Perhaps Thakur has not forgiven Manohar for quitting the national body and move over to the international one at a time when the BCCI was dealing with the Lodha Commission and its fallout.

Perhaps it is not merely about ego clashes but fundamental philosophical differences. Perhaps it has to do with the temperament of the two men, one whose interests are intensely India-centric, and the other who now has to think for 105 countries, the entire cricket family.

Whatever the reason, the on-going ICC chief executives meeting in Dubai seems charged. It was expected to change the face of cricket, with the introduction of the two-tier system. Thakur has thrown his lot behind Sri Lanka, Zimbabwe, Bangladesh, West Indies and Pakistan all of whom object to the two-tier system on grounds of lesser teams being rendered irrelevant, and perhaps even encouraged to disappear from the Test fraternity.

An old problem

This may be a coincidence, but it is an old ICC problem — Whites versus the rest — dressed up in new colours. England, Australia, South Africa and New Zealand are for the two-tier system. FICA, the players’ body, has said that 72 per cent of players they polled were for the two-tier system. It would be interesting to see the break-up of the voters. It sounds dubious because there are more players in the nay-saying countries than there are in the yea-saying ones; the explanation may lie in unexpected altruism, though.

The argument in favour of two divisions involves context, and how individual matches and series have lost it. This sounds like television talking, and although thanks to its millions, television will have a say, that approach is motivated by profit while the ICC has necessarily to focus on what’s good for the game.

The proposal for boards which generate greater television revenue to share that revenue with the poorer ones is sound in principle.

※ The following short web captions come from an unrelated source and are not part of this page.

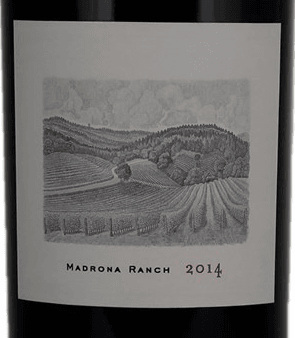 Abreu Vineyards Madrona Ranch 2014 750ml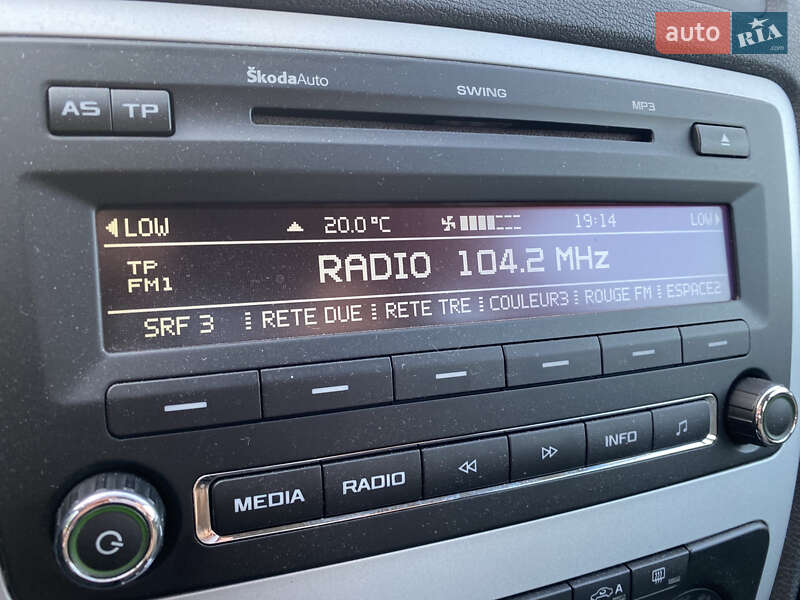 Универсал Skoda Octavia 2009 в Староконстантинове фото 35 Универсал Skoda Octavia 2009 в Староконстантинове
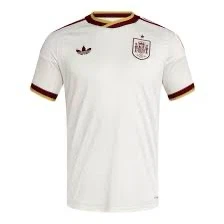 Adidas Spain Football away Jersey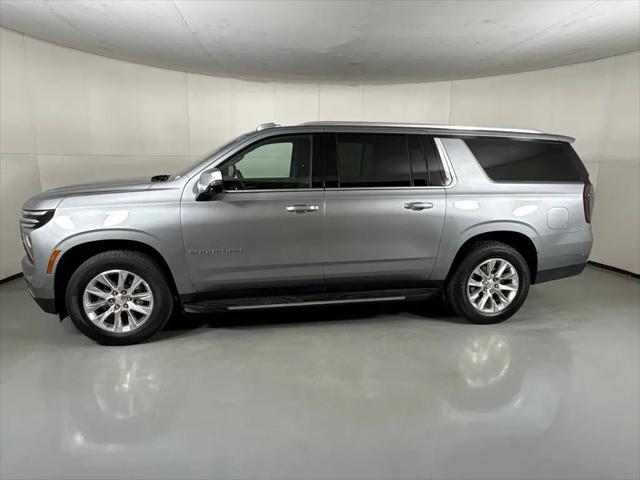 2025 Chevrolet Suburban 2WD Premier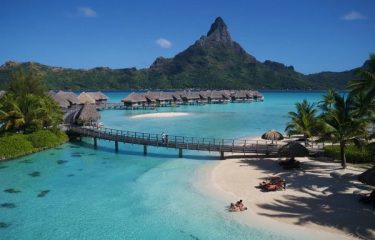 Das Naturerbe Tahitis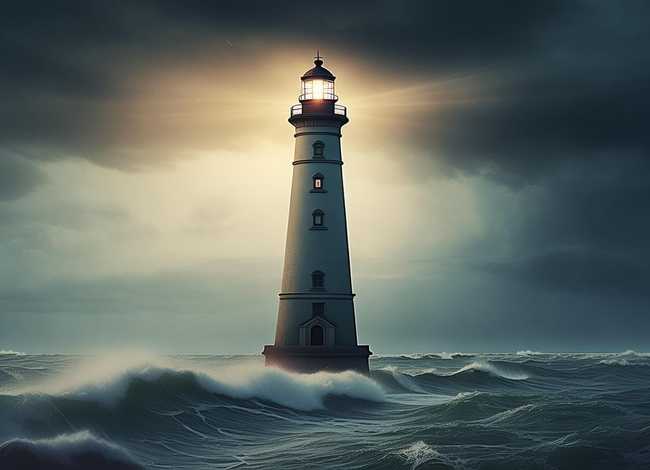 灯塔的寓言故事 灯塔的寓言故事简介
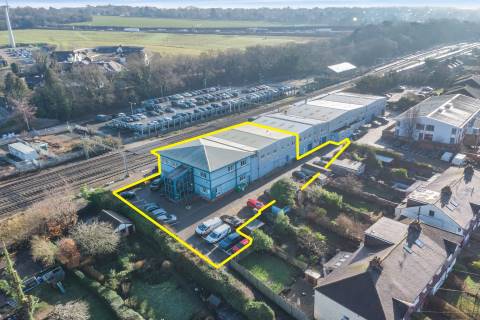 Property for auction in Hertfordshire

The fear that a Bangladesh versus Zimbabwe series might lack television support can be overcome by working out a system where for every marquee series - The Ashes, or India v. Pakistan - television must also be obliged to cover the “lesser” series. You can’t have the icing without the cake.

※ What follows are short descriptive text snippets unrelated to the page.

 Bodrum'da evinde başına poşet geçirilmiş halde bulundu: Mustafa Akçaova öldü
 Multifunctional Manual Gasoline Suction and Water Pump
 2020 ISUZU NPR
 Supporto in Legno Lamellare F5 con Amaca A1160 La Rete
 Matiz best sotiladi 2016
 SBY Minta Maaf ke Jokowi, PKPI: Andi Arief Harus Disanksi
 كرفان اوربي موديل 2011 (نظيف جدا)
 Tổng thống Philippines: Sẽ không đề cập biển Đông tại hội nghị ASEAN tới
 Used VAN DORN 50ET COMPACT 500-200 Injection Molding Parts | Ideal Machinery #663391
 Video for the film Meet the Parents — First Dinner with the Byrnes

Test cricket is at a crossroads. Even if this is the cry in every generation, we cannot afford to ignore it for this time it may be for real.

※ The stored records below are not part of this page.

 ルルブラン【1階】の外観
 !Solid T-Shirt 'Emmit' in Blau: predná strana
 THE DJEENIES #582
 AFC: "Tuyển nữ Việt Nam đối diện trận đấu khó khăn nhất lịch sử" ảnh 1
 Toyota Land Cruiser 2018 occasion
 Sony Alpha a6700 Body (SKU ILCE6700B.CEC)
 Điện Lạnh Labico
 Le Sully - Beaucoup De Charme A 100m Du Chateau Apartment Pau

Already public interest in Zimbabwe and the West Indies is dangerously low. In New Zealand it is not the most popular sport, rugby is. You can’t have endless series among four or five teams. The law of diminishing returns will apply.

And anyway, the lesser beating the greater provides a major thrill in every sport. Sri Lanka, who may be relegated to the second division, thrashed Australia, the then No. 1 team, 3-0 recently. With inter-divisional rivalry ruled out, that would not happen.

Exodus and wage issues

If players in the second division (it is conceivable that some of the giants might find themselves there over a period) migrate to being full-time T20 players, the rot will be complete. Thakur himself had suggested a solution for this problem: reduce the wage gap between Test cricket and T20. FICA might have to say something about salary caps, though.

The fact, remains, however, that there aren’t too many grand ideas right now on saving Test cricket, and there might be an argument for at least trying out the few that are available.

The four-day Test match would be an attempt to bring the longest format closer to the shorter ones. But Test cricket’s salvation lies in remaining as distinct from the shorter formats as possible, an island of irrationality and illogicality in a sea of obviousness and charted courses.

When in doubt, postpone, is a well honed tactic at all such meetings, and not just of the ICC. Chances are, no immediate decisions will be taken, and the problem carried over to October. Meanwhile, attempts will be made to get the nay-sayers on board.

The BCCI, meanwhile, has problems at home as the deadlines for putting into effect the Lodha Commission’s rulings will exercise them even as a crowded home season gets underway.

There is something about cricket — perhaps because it often stands for something beyond itself — that invites a kind of generational hopelessness. Walter Hammond thought that cricket was doomed to self-destruct because there was too much of it.

That was over 60 years ago. The essayist E.V. Lucas thought that commercialisation and a “hard utilitarianism” would destroy the game. He wrote that in 1907.

Pessimists of the past thus give rise to the optimists of the present.